Next came work.  The day after I found out I was pregnant, a client got sued with urgent proceedings, and from then on it was go go go.  It wasn't like my Wellington/Auckland hours, but there were lateish nights and weekends, and it was a shock to the system.   Now, normally I'm not too bad at fitting it in anyway- sneaking out for 6pm runs, getting up in the morning, etc but...
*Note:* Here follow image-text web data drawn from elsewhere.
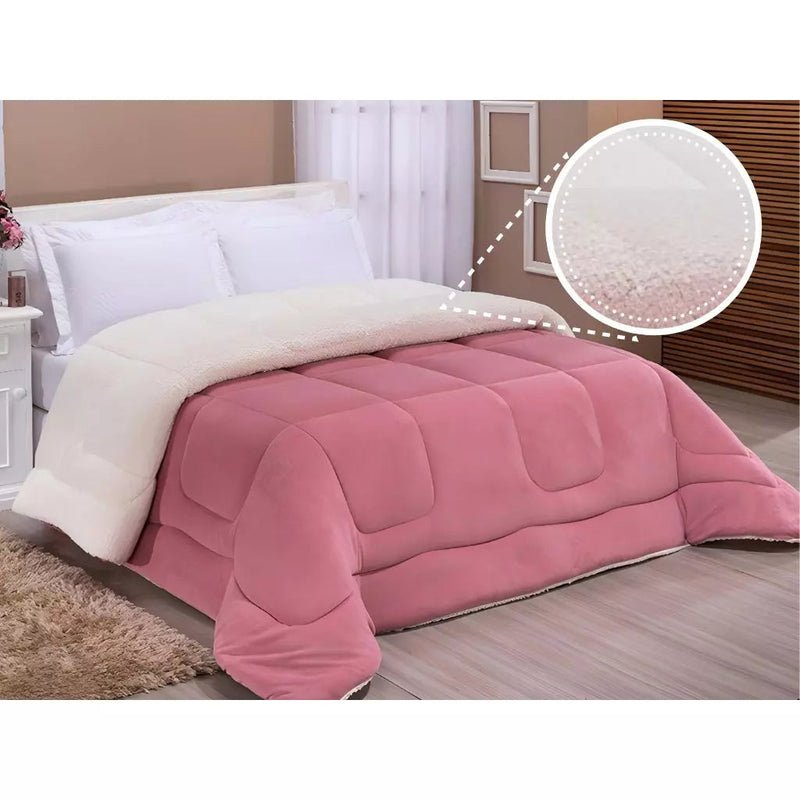 Royaldrom - Edredom Premium Royal Dupla Face com Revestimento de pele de Carneiro CA017 Kaypestore Solteiro Rosa 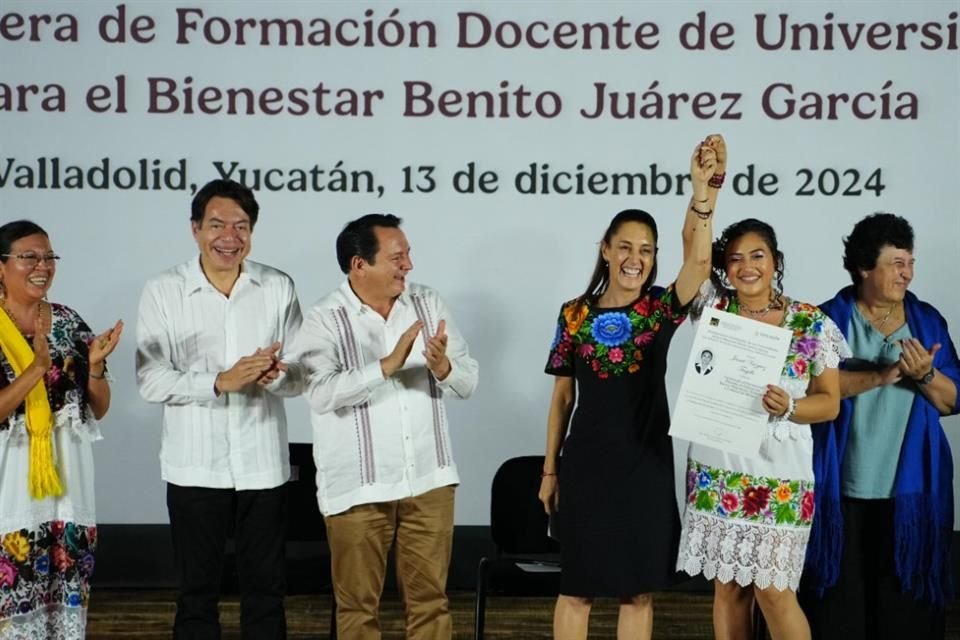 La Presidenta Claudia Sheinbaum Pardo estuvo presente en el anuncio.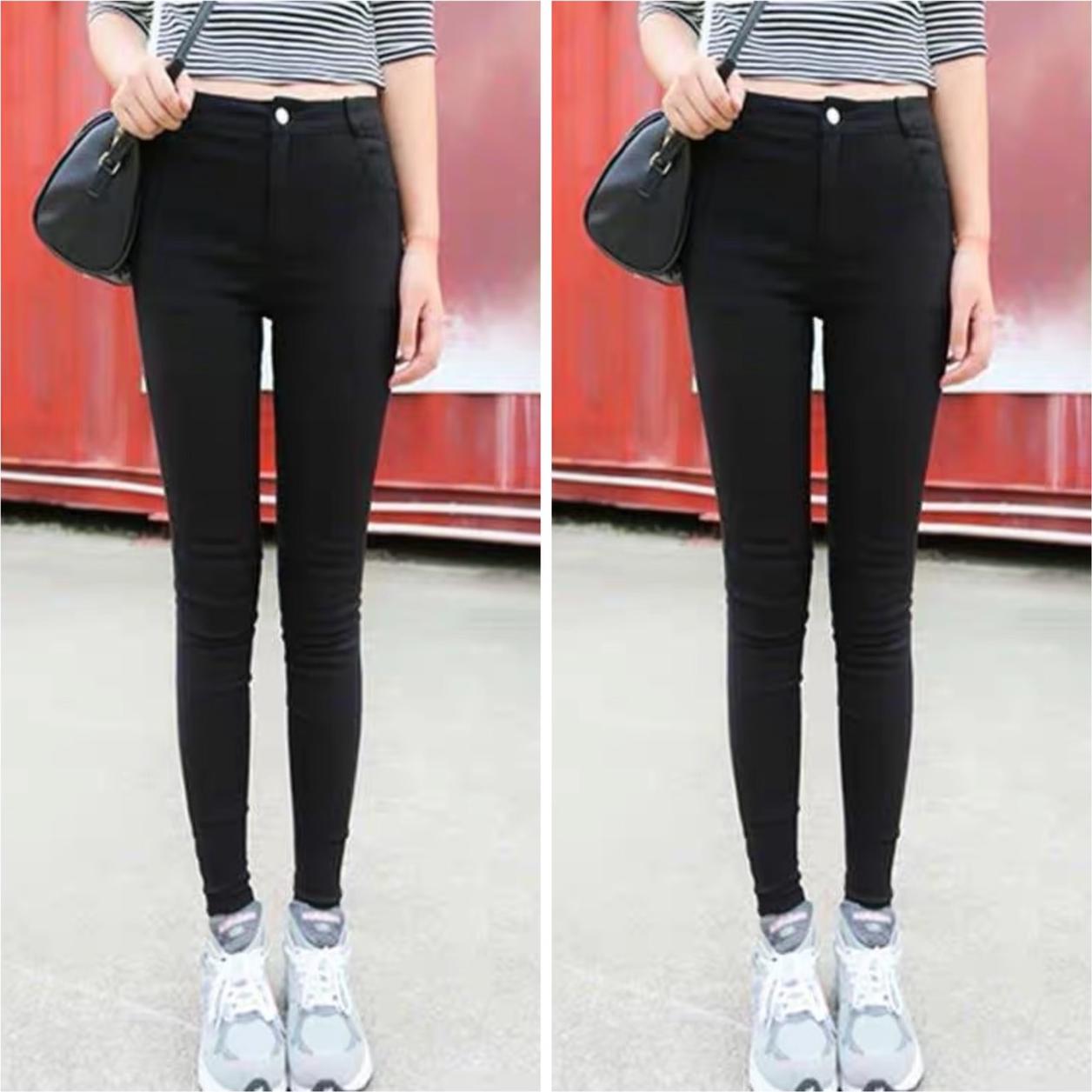 [ SIZE ĐẠI 60kg~90kg] Quần jean dài đen tuyền big size co dãn mạnh vải jean mềm lưng cao 2700 (có rách gối)
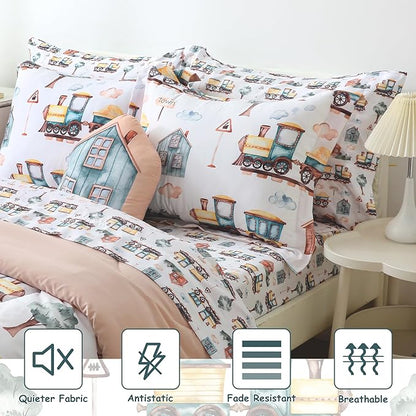 Mooreeke Kids Twin Comforter Sets for Boys 6 Pieces Train Bedding Set for Teens Microfiber Country Train Town Kids Bed in A Bag with Comforter, Sheet Set, Shams and Decorative Toy Pillow All Season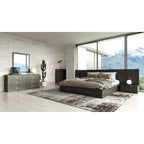 Set letto a piattaforma contemporaneo grigio scuro con 2 comodini – Queen / Eastern King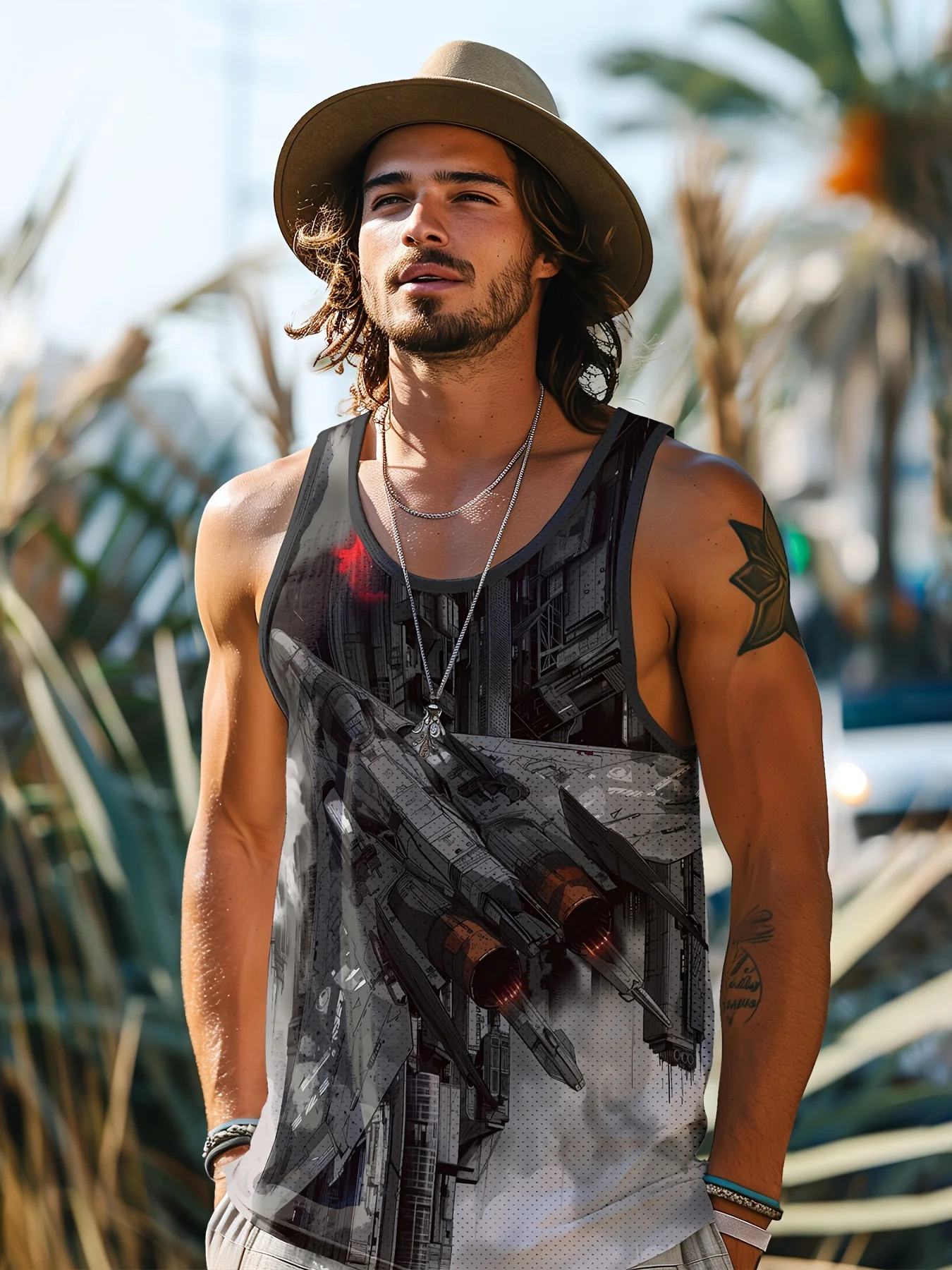 Жилет мужской летний с принтом воина и дракона безрукавка для отдыха спорта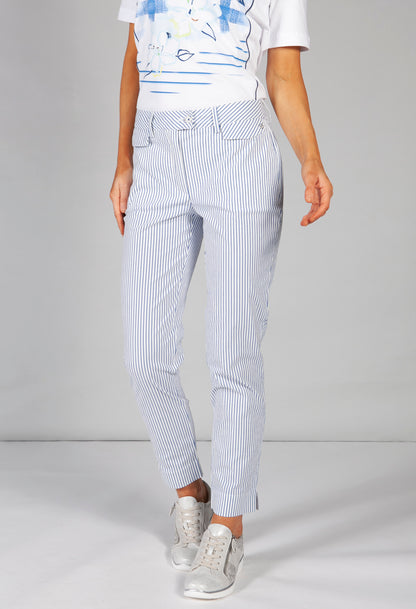 nautical stripe trousers in blue and white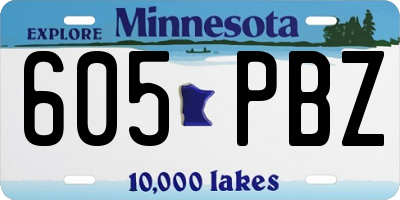 MN license plate 605PBZ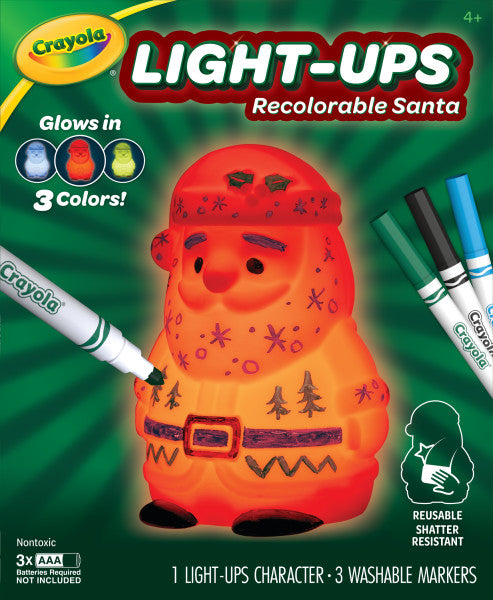 Crayola Light-Ups - Santa, Light Up Santa Toy, Reusable Coloring Toy, Glow In The Dark, Holiday Decoration, Ages 4, 5, 6, 7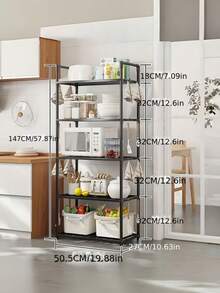 1 Giá đỡ lò vi sóng nhiều tầng bằng sắt có móc treo, tiết kiệm không gian, không cần lắp ráp, giá để đồ chịu lực cao, kệ đựng đồ nhà bếp. - Nhiều màu - Xem 4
There was also the fatigue.  I'd read that pregnancy makes you tired.  And, hey, it makes sense.  Embryos and foetuses, they grow pretty quickly.  But I kind of read "you'll be tired" as "you might need to get to bed a bit earlier, and some weekends you might want a nap", and thought "hey, I'm used to being tired.  I've worked crazy hours while training for marathons and half ironmans.  Tired is my middle name".  Turns out I was wrong.  And I apologise in restrospect to every pregnant woman I have ever known.  Because fatigue does not even come close to describing it.  I felt like I had been hit by a bus (not seriously... cos that would suck a whole lot more than being really freaking tired).  I'd be worn out by lunchtime if I spent a weekend day "doing stuff".  At about 6 weeks, my sister and brother in law visited, and we went for a wander into the Farmers' Market, and a potter around town.  During our 2ish hour expedition, I needed a rest and a snack, and by the time we were heading home, I had to ask the others to slow down, because I could no longer walk fast enough.  I managed to help with lunch, but it was a couple of hours before I could face getting up afterwards.  And that was before things got hard.  Basically, on a good day, I could get through an hourish long run/walk as long as I had something to drink, but I couldn't guarantee that I'd get through the rest of the day.  Add work to the mix, and it was a mess.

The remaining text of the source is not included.